Staging Science Fiction: Sales Pitch

Sales Pitch will be at the Nuffield Theatre, Lancaster on September 16th 2010



The living unit of Ed and Sally Morris, 23rd Century.


Over and over, when talking about this project, I’ve made, or heard, comparisons to TV shows. Sometimes I talk about Raumpatrouille Orion, the German 60’s TV show in which spaceship instruments are ornamented with intricate protuberances, occasionally made of thinly disguised kitchen implements. At other times, when I was explaining how I intended to make the set, people would start reminiscing about the crafts in children’s shows . I use these comparisons as a sort of shorthand, to convey some of what it’s starting to look like, but using them rankles, somehow. Yes, I'm using video in the show, but live not recorded, and I'm trying to use it in as theatrical a way as I can.
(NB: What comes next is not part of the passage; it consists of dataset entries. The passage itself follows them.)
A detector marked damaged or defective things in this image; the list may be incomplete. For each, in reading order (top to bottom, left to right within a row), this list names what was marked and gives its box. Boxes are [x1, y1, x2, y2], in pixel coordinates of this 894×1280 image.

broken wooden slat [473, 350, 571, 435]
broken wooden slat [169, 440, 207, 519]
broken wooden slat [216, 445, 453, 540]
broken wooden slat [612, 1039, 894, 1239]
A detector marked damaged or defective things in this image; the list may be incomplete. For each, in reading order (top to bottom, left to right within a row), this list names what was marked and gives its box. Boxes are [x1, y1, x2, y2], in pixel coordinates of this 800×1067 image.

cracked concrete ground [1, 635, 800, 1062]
After all, the whole idea for me was to see whether I could reconcile my interest in technology and the future with my love of theatre; live, immediate theatre, not the recorded media of film and TV.
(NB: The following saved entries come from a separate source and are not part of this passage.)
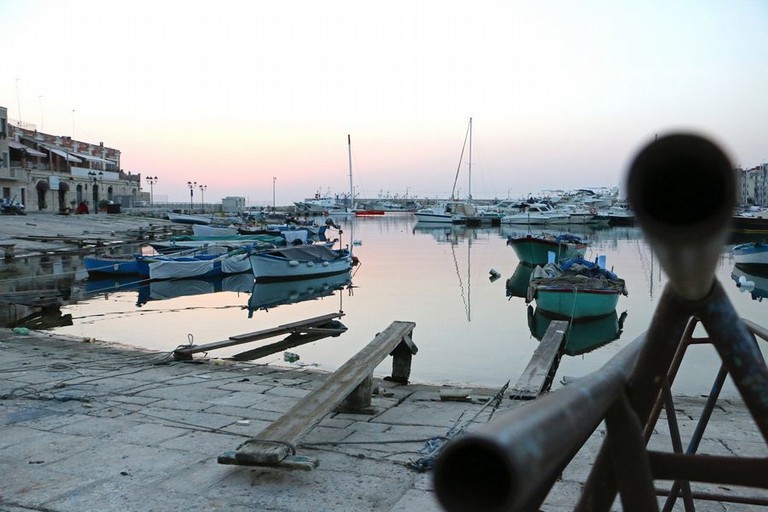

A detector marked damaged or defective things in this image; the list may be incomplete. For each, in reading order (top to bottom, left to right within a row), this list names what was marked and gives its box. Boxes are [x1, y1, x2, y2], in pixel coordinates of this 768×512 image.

rusty metal pipe [628, 133, 736, 300]
rusty metal pipe [432, 338, 640, 510] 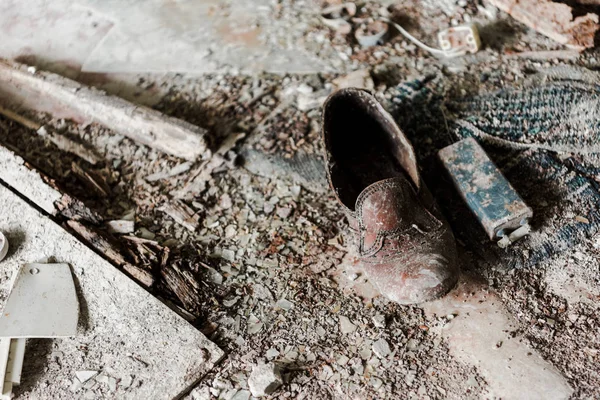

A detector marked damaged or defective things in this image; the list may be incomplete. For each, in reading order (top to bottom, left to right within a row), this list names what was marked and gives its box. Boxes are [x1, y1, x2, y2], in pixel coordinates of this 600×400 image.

rusted metal object [438, 138, 532, 247] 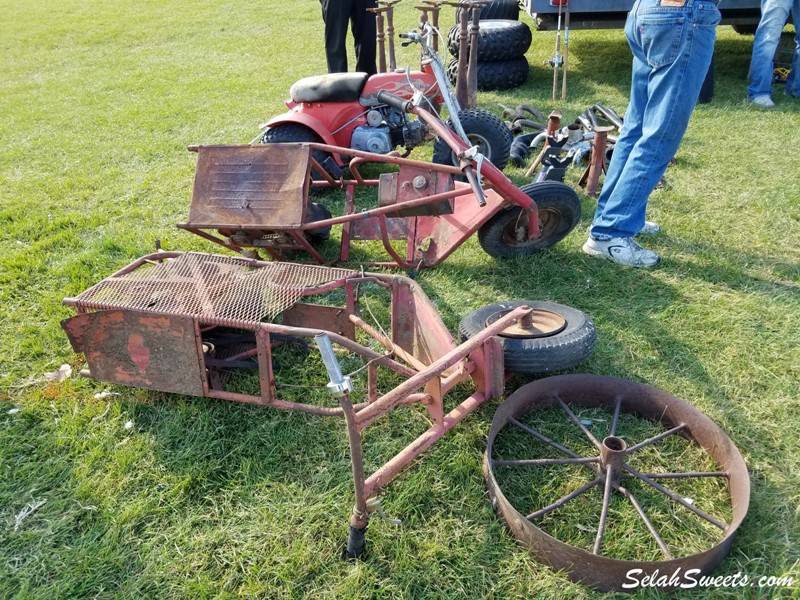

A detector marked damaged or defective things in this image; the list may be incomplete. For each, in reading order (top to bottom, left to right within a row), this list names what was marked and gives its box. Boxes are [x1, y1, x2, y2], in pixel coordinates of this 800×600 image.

rusty metal frame [61, 251, 532, 540]
rusty metal frame [484, 376, 752, 592] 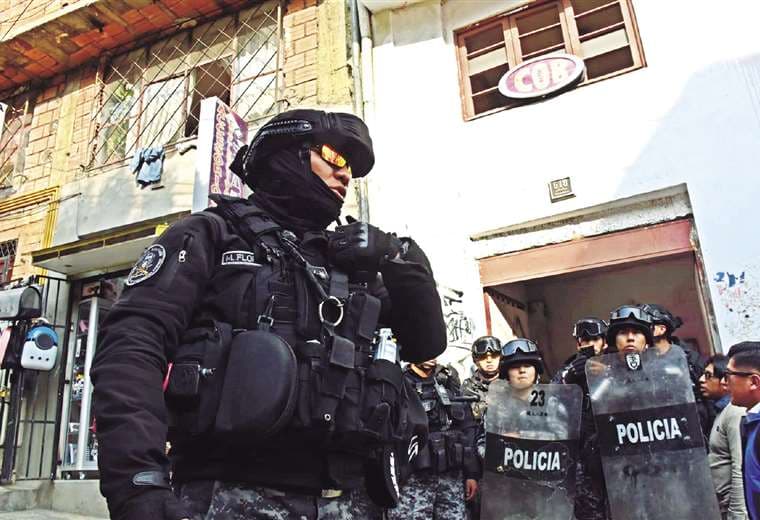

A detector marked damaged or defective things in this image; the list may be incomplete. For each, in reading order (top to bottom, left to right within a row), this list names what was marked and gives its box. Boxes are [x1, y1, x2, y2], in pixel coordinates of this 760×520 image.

peeling plaster wall [366, 0, 760, 354]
Science Fiction in theatre is rare, and difficult; to Americans the very phrase evokes a TV show. Everyone knows that Science Fiction works on TV. TV and movies, with their photographic clarity, seem hyper-real. Even though we know that they are as carefully artificial as anything in theatre, even when they are stylized, even when they use the most spectacular of effects, the camera gives them a certain plausibility. Theatre cannot, with the same plausibility, show events or materials so far outside our direct experience. Theatre cannot plausibly show you a non-humanoid alien, or a supernova. Theatre can implausibly show you anything, all you have to do is agree to pretend.

Because I’d railed so often at how different movie adaptations of Philip K. Dick were from his marvelous stories, I decided to start with him. It was partly a way of poking fun at my own ambitions: in one corner Aliki Chapple, in the other, a group of Hollywood blockbusters! It was also because his stories are so well-made that they could easily be adapted, so prescient that they still had things to say.
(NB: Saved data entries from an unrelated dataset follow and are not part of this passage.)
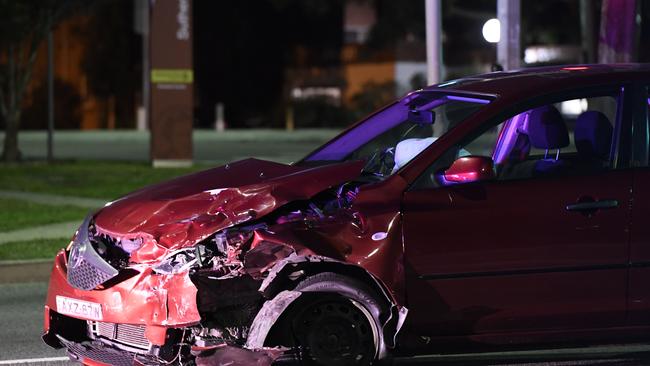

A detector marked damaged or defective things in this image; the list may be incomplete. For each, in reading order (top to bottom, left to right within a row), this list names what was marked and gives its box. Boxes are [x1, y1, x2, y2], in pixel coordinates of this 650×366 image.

crushed front end [41, 159, 404, 364]
crumpled hood [93, 159, 362, 258]
damaged red car [43, 64, 648, 364] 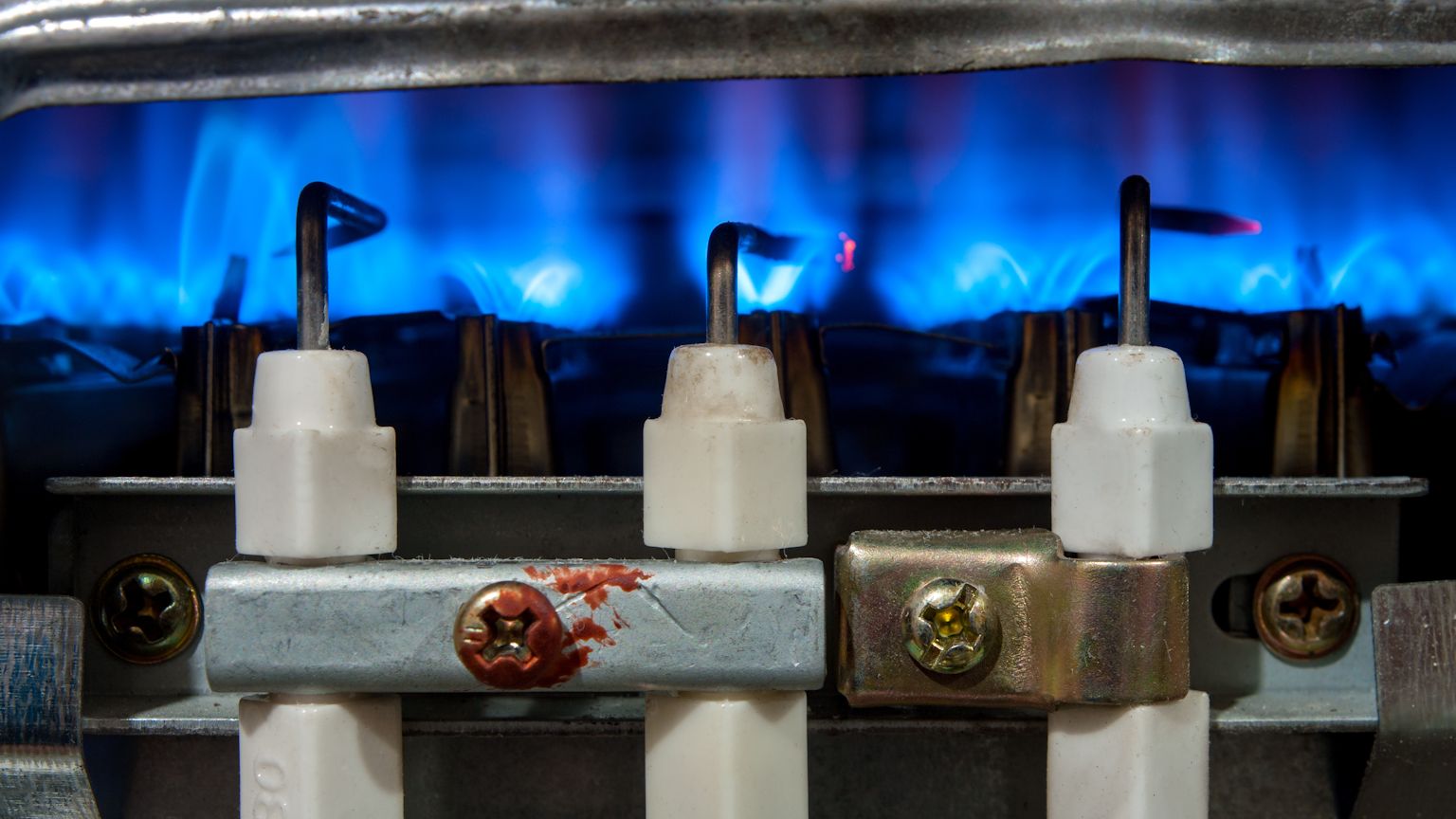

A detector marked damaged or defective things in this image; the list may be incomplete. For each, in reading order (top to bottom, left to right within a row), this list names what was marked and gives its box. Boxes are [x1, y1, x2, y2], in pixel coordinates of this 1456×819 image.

rusted screw [91, 554, 199, 664]
rusted screw [451, 580, 565, 686]
corrosion residue [519, 561, 652, 607]
rusted screw [899, 576, 1001, 671]
rusted screw [1244, 554, 1357, 664] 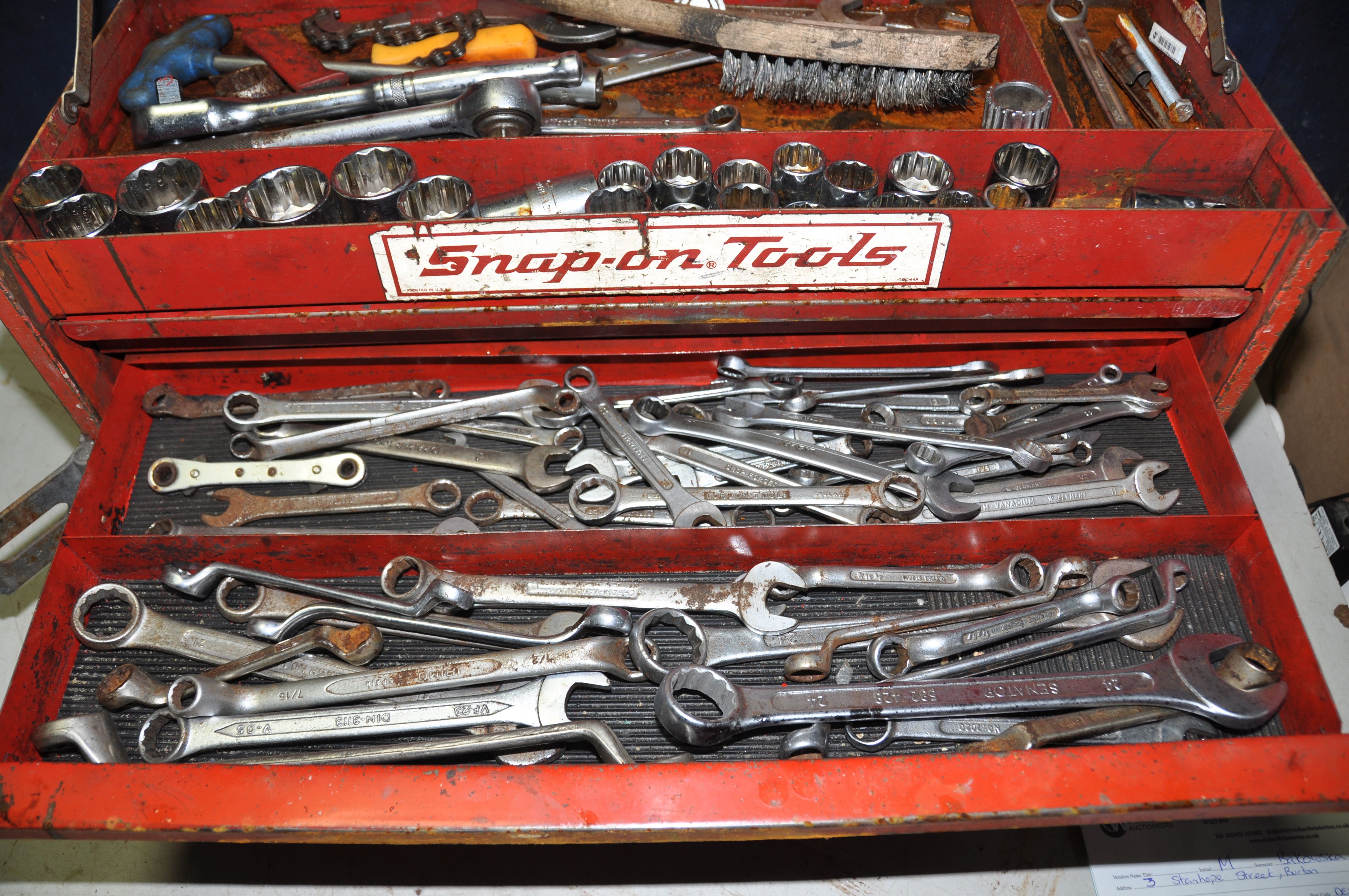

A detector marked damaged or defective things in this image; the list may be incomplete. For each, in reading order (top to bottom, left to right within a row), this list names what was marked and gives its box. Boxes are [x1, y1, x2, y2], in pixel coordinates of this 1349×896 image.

rusty spanner [202, 480, 461, 529]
From the beginning I knew that I would be working within the constraints of my small skills as a prop-maker and even smaller budget. I also knew that I wanted it as much as possible, to be live. I started work in adapting Sales Pitch in February. Most of the decisions I’ve made since have been about how to work within these constraints; how to create the story on the stage, not plausibly, but imaginably. I could never disguise that my spaceship and planets were hastily made with the cheapest of materials, and if I tried to, I’d lose the goodwill, the willingness of the audience to pretend, that was my greatest asset. So I decided to be obvious about it. I’m making spaceships out of plastic water bottles, planets out of papier mache, 23rd Century living units out of box files.

I want the audience to make no mistake, to see that the staging of Sales Pitch is saying “Let’s pretend.” not “This is so”. And it’s that quality, despite the different nature of the media, that it shares with early Science Fiction television shows; and why I should, after all, embrace comparison with them. The people who made those shows didn’t allow their imaginations to be restricted by the limitations of their skills and means. Neither do children who make robots out of tinfoil-covered boxes. They dare to imagine more than they can represent, and invite you to join them; so do I.

1 comment:

  1. This sounds like an excellent idea. Too bad I'm on the wrong side of the pond.